→ **INFORMATION SHOWN**:
══════

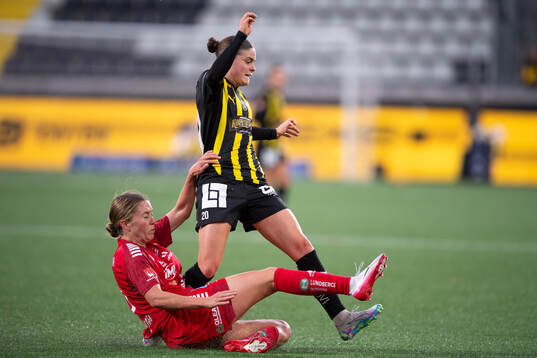 Linköpings Polly Doran och Häckens Hanna Wijk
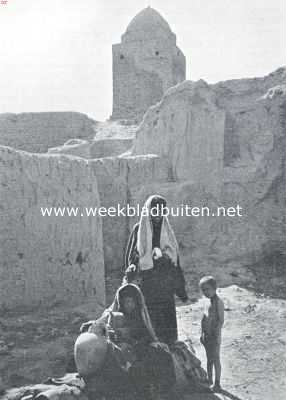 Tunesi, 1925, Nefta, Een sproke-land. De Djerid (Zuid-Tunesi). In de schaduw van Nefta's muren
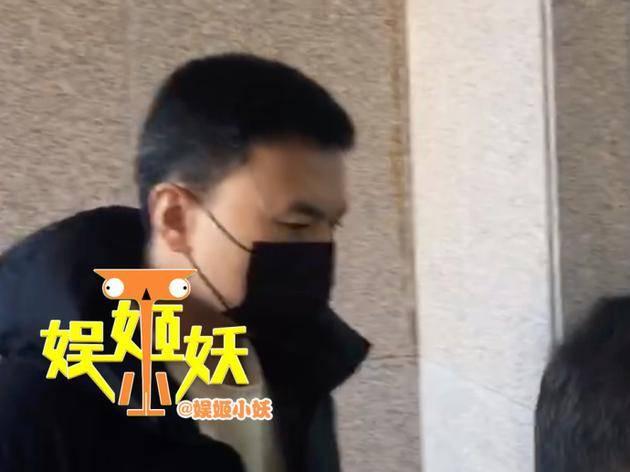 赫子铭家庭背景:如何看待何洁赫子铭这种“女强男弱”的家庭关系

══════

→ **EXERCISE DETAILS**: Your copy should begin at the line containing "Tunesi, 1925, Nefta, Een" and end at the last line of the data above, matching each line exactly and holding no pictures.

→ **SOLVED EXERCISE**:
 Tunesi, 1925, Nefta, Een sproke-land. De Djerid (Zuid-Tunesi). In de schaduw van Nefta's muren
 赫子铭家庭背景:如何看待何洁赫子铭这种“女强男弱”的家庭关系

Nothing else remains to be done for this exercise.